高齢者の交通事故(日ごろの行いが幸運を呼ぶ)

月に一度、山の集落の美容室に通っている。昼間は外でお仕事をしている方なので、夜にお邪魔することが多いのだが、きょうは珍しく日中となった。彼女も今では町の実家に暮らし、休日に山の家に戻ってくるという生活だ。子供さんたちが高校に通学するため、ご主人ひとり山の家に残して、母子で町の実家に引っ越されたのだ。

毎月たくさんお喋りをするのだが、私より集落に戻る頻度が高い彼女から、山の集落の情報もいろいろ教えてもらっている。この一ヶ月の間にお年寄りがふたり亡くなられたそうだ。仕方のないこととは言え、人口が減る一方だ。

美容室の帰り、山の集落を出る前に、気になっていたことを近所のおじさんに聞いてみた。
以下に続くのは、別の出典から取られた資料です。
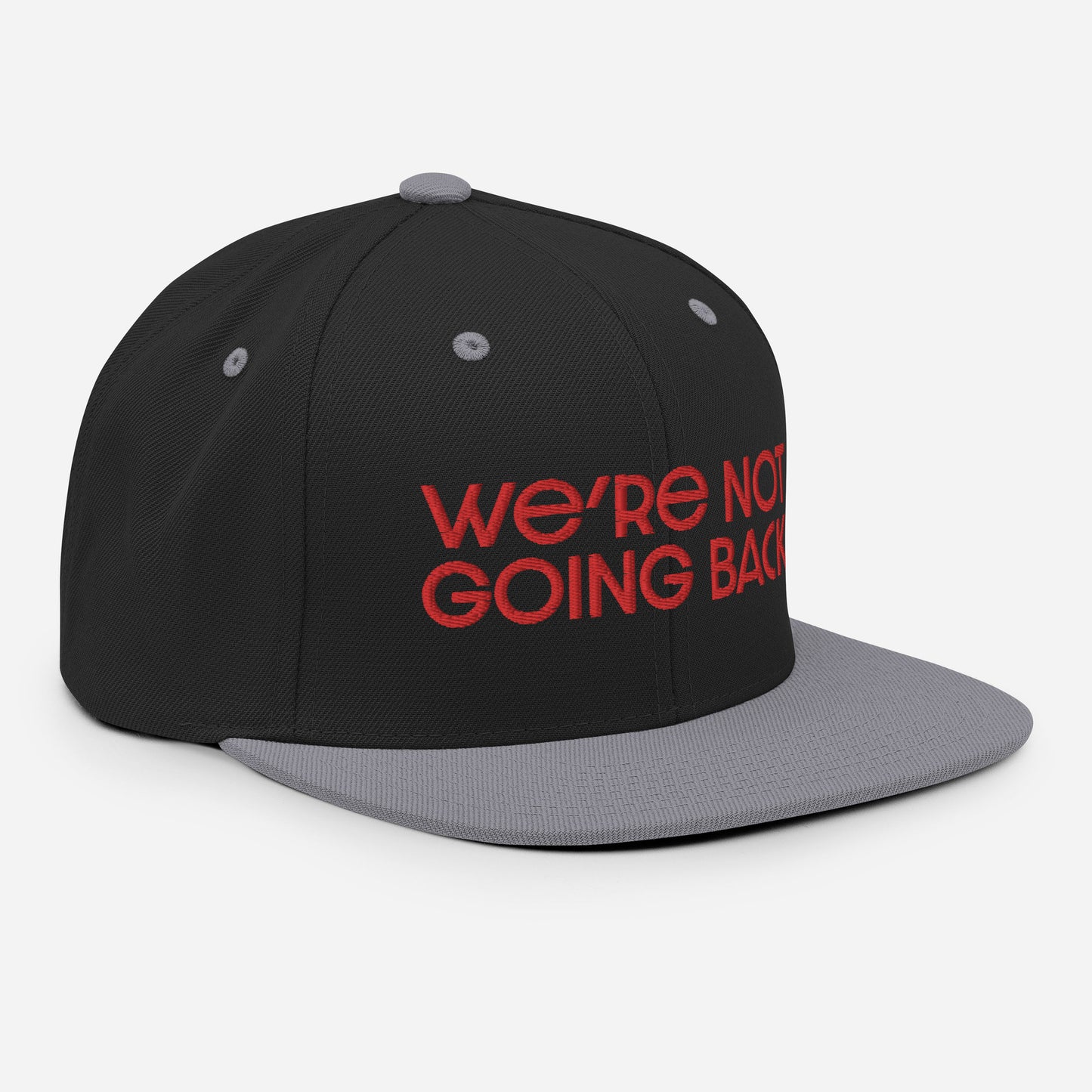 Snapback Hat Red Embroidery - We're Not Going Back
我が家のすぐ近くの茅葺の家にひとりで暮らすおじいさんが、先日、交通事故をしたらしいと耳にしていたのだ。おじいさんに怪我はなかったらしいと聞いたものの、事故現場を目撃した友人は「車が大破していた」と言っていたからだ。

おじさんによれば、おじいさんはブレーキもかけないまま、ガードレールに突っ込み、車は大破したものの足首の骨折だけですんだという。先月、90歳になり、子供や孫が集まってお祝いをしたばかり。車がなければ生活できない山の中だけに、みんな心配しながらも、車の運転を止められなかったのだ。

それにしても、なんという不幸中の幸い。おじいさんの日ごろの行いがものをいったのだろうか。思えば私の父も、同じような事故にあい、ようやく運転をやめてくれたのだった。生き運がある人は、こんな風に何かの力で何度も助けられているんだなと思う。

ああ、よかった。

*久しぶりの我が家。今度くるときは冬タイヤ必須だわ。